国内の大学が2013~2015年に発表した論文数が環境・地球科学、臨床医学分野で増えているものの、化学、材料科学、物理学分野で急減していることが、文部科学省科学技術・学術政策研究所の調査で分かった。
科学技術・学術政策研究所は国内の大学を論文数シェアが4.5%以上の第1グループ(大阪、京都、東京、東北大学)、1%以上の第2グループ(岡山、早稲田大学など13校)、0.5~1%の第3グループ(信州、大阪市立大学など27校)、0.05~0.5%の第4グループ(北九州市立、麻布大学など140校)に分け、2013~2015年と2003~2005年の論文数を比べた。
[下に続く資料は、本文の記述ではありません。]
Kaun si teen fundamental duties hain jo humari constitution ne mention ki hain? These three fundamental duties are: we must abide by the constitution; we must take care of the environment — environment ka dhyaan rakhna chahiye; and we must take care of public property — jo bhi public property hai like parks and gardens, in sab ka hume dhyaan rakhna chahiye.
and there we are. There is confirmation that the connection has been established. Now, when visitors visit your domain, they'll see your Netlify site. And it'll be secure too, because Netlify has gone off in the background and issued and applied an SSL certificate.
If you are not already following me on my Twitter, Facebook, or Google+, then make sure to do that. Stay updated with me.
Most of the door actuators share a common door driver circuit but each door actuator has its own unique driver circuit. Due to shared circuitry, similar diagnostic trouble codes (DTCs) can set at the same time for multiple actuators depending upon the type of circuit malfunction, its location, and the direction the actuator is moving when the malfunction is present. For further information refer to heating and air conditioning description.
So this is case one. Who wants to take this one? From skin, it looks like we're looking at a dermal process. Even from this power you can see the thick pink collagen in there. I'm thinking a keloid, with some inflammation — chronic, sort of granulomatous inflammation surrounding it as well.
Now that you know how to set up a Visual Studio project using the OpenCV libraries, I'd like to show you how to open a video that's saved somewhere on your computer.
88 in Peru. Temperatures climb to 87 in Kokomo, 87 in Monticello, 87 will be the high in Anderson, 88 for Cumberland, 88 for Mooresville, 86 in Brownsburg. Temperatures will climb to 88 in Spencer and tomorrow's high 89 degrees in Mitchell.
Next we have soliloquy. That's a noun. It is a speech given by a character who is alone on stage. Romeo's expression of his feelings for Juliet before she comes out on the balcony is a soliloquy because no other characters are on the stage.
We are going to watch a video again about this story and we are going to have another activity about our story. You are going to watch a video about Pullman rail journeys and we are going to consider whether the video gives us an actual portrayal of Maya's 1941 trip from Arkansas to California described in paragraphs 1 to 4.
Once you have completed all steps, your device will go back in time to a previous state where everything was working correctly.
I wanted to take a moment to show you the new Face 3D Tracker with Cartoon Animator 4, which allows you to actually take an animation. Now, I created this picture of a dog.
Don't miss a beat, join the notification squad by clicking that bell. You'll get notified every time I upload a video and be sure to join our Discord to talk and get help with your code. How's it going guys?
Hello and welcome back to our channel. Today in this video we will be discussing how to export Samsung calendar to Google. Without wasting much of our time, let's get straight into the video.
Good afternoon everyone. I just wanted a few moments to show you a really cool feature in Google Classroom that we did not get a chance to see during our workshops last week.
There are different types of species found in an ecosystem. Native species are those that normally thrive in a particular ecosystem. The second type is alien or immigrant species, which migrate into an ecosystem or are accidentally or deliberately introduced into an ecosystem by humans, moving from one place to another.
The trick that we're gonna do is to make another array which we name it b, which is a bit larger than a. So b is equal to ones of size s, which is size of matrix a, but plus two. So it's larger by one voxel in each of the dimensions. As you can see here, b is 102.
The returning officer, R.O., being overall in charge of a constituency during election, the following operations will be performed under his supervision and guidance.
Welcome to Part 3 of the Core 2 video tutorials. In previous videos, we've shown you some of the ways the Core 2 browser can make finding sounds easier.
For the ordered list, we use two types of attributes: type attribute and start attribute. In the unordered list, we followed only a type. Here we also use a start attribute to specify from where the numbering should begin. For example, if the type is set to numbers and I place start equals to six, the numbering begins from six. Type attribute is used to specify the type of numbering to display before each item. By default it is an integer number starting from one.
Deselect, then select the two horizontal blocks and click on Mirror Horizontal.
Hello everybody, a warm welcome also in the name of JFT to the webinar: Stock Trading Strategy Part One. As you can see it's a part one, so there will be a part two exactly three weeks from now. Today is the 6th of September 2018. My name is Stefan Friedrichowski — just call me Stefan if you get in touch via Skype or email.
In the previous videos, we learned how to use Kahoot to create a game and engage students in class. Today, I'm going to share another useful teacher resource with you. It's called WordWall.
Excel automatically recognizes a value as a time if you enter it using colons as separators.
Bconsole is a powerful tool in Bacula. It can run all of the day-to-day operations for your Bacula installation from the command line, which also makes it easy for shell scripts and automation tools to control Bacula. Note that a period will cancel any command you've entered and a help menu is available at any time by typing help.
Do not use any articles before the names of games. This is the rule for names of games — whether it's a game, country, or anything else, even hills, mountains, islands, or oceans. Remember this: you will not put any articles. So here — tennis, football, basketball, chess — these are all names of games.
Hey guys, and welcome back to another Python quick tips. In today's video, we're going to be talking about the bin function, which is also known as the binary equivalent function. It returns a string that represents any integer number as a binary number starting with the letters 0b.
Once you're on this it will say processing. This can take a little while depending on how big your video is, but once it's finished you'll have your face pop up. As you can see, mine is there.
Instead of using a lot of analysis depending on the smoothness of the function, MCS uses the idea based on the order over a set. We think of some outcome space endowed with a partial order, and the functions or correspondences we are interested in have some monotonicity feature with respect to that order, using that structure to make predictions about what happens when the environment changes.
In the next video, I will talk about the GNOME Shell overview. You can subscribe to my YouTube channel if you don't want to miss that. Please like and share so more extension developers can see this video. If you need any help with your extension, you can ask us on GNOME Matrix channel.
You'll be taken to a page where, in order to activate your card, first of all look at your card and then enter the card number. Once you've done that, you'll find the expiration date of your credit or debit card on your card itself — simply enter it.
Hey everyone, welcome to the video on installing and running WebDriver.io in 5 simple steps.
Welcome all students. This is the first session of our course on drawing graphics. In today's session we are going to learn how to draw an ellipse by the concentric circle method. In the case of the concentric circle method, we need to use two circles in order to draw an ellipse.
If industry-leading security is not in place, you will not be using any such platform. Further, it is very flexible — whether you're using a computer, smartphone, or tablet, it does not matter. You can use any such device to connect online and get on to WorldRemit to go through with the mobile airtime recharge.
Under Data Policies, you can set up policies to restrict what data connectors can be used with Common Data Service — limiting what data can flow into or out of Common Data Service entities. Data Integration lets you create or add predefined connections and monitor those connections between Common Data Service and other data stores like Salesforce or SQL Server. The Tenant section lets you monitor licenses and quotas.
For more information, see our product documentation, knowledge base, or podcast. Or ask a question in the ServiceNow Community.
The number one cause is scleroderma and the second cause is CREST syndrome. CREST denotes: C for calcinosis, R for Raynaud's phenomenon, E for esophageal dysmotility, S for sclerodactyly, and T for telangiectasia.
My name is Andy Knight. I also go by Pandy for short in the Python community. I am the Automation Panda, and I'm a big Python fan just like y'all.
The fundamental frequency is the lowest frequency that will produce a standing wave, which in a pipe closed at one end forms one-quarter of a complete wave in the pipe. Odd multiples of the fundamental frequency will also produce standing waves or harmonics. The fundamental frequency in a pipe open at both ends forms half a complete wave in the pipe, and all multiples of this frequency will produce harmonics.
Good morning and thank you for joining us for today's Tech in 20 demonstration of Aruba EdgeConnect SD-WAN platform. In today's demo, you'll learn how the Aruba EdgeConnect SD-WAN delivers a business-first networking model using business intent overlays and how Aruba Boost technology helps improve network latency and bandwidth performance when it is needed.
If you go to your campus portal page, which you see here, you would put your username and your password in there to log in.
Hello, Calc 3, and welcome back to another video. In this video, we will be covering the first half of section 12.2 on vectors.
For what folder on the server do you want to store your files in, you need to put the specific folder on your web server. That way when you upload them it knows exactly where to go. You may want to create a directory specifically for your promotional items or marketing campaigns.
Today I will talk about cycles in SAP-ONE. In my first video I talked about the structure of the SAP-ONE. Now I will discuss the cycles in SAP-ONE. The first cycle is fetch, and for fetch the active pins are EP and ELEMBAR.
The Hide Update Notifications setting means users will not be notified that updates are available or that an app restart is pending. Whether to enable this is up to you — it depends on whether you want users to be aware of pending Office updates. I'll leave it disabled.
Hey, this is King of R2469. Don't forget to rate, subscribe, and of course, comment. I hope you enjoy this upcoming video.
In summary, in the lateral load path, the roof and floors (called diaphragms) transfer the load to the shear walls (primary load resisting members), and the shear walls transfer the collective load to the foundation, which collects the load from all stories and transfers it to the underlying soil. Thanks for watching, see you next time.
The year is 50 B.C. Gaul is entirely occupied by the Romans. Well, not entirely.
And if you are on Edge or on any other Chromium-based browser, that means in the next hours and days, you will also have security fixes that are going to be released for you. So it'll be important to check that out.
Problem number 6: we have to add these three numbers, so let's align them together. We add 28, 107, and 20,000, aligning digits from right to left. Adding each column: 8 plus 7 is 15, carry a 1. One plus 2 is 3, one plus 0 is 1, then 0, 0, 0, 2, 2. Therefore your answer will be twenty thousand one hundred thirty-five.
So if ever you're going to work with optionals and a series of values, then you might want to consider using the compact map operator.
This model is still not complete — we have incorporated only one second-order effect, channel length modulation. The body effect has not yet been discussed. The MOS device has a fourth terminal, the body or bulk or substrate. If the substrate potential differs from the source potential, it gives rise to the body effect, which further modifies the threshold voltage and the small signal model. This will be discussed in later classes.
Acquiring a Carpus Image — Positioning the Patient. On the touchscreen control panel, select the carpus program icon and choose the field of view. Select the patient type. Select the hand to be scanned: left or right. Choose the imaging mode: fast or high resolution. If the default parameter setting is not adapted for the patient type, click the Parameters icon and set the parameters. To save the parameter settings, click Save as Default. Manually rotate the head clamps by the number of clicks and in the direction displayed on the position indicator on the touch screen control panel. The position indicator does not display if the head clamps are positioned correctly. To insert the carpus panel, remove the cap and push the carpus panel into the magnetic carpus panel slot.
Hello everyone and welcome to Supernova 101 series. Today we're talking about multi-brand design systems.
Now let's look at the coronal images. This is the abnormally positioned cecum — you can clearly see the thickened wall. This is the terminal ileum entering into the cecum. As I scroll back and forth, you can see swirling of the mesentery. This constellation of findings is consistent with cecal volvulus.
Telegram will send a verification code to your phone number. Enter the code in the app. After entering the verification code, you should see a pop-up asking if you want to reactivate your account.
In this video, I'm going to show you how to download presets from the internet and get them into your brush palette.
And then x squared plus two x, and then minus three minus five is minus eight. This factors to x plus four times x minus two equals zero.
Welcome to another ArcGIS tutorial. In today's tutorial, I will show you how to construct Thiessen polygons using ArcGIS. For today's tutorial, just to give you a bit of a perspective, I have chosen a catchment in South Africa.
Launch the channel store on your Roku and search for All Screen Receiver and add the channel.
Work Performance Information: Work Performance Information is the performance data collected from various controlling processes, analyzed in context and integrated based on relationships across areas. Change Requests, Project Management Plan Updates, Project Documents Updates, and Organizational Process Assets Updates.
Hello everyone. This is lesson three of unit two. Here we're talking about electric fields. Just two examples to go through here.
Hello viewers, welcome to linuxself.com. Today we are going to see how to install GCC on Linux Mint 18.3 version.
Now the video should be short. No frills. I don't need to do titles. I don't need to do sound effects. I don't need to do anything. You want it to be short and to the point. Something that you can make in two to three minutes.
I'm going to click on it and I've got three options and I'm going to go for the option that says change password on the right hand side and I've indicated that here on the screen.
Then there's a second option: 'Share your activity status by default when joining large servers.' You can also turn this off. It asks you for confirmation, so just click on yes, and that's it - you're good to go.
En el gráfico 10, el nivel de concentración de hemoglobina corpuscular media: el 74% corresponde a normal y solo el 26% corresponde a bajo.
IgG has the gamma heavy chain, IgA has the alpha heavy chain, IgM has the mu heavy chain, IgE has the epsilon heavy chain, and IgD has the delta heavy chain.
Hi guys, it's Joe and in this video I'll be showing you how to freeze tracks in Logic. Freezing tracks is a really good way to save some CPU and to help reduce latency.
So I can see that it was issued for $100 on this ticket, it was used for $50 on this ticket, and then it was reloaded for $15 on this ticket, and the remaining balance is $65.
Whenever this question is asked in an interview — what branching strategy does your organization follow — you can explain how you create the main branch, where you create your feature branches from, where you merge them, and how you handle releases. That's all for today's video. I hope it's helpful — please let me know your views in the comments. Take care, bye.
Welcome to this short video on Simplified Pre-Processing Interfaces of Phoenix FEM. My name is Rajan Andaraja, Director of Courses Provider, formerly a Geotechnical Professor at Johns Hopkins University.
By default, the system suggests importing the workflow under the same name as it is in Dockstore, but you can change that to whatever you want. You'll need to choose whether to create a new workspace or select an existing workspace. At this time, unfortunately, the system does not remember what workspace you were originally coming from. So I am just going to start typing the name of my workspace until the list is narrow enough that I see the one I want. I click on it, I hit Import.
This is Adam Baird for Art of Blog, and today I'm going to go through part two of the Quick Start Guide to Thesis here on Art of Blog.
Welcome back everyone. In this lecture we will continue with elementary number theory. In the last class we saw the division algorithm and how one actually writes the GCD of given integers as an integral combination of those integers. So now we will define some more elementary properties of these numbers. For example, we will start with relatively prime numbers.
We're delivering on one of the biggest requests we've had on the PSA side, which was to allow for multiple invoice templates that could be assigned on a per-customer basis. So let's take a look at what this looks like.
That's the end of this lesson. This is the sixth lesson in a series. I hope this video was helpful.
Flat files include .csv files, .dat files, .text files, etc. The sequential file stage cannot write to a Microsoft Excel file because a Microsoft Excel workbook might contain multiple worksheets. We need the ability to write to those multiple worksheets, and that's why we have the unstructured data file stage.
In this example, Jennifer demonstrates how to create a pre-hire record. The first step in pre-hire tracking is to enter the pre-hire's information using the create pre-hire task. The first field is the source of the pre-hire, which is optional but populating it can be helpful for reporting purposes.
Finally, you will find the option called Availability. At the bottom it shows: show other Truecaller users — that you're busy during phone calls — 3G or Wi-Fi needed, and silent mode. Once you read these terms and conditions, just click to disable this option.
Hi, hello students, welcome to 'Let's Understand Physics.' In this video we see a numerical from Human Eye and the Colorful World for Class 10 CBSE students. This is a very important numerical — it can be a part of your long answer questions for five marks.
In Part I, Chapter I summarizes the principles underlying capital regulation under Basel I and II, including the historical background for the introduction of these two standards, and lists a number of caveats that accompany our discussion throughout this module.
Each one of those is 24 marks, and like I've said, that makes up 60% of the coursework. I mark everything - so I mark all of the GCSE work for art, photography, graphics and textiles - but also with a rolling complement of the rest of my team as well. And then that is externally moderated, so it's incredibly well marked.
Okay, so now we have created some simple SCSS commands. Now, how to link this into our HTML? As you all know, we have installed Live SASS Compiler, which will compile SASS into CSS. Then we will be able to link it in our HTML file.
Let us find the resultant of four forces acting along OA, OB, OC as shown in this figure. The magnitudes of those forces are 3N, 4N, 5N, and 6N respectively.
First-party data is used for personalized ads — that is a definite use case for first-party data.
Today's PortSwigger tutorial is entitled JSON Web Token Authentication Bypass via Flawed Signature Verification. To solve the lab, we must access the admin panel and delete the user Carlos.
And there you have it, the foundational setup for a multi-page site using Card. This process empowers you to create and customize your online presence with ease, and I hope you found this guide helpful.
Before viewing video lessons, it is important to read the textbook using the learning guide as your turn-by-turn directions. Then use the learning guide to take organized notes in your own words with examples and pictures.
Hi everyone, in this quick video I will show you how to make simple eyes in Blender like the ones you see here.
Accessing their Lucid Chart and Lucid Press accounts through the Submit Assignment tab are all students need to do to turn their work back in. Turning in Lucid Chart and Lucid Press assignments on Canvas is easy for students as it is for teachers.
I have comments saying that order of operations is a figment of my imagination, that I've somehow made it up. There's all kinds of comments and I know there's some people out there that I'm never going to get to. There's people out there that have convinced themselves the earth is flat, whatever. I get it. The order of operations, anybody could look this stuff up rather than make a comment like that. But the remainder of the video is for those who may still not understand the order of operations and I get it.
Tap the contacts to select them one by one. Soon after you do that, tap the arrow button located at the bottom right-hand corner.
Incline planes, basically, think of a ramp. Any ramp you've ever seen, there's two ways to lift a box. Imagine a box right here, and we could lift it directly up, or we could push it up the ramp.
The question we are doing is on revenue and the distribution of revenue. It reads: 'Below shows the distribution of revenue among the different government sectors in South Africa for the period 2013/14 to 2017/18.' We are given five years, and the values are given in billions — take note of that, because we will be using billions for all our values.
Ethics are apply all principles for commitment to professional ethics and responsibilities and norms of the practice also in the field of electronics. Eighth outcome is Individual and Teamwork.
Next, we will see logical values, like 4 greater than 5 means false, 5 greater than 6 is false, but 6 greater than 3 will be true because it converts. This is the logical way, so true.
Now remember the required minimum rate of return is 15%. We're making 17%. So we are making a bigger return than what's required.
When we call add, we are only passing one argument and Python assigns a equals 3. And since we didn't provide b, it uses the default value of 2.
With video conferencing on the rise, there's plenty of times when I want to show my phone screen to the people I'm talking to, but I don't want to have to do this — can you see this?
それによると、化学は4グループで6~15%の減少を示し、国内全体で12%のマイナスとなった。材料科学は8~26%の減で、国内全体だと23%のマイナス。物理学は21~25%の低下を示し、国内全体で27%の減少だった。
工学は第1グループが1%の減少にとどまり、第2グループが8%増えたものの、第3グループは5%、第4グループは9%減り、国内全体で9%のマイナス。基礎生命科学は2~10%の減少を示し、国内全体で4%のマイナスになった。日本の研究力低下が叫ばれているが、あらためてその実態が浮き彫りにされている。
これに対し、論文数を大きく伸ばした環境・地球科学は、各グループが20~48%論文数を増やし、国内全体で22%の増加。臨床医学分野も10~22%の伸びを見せ、国内全体で19%増やしている。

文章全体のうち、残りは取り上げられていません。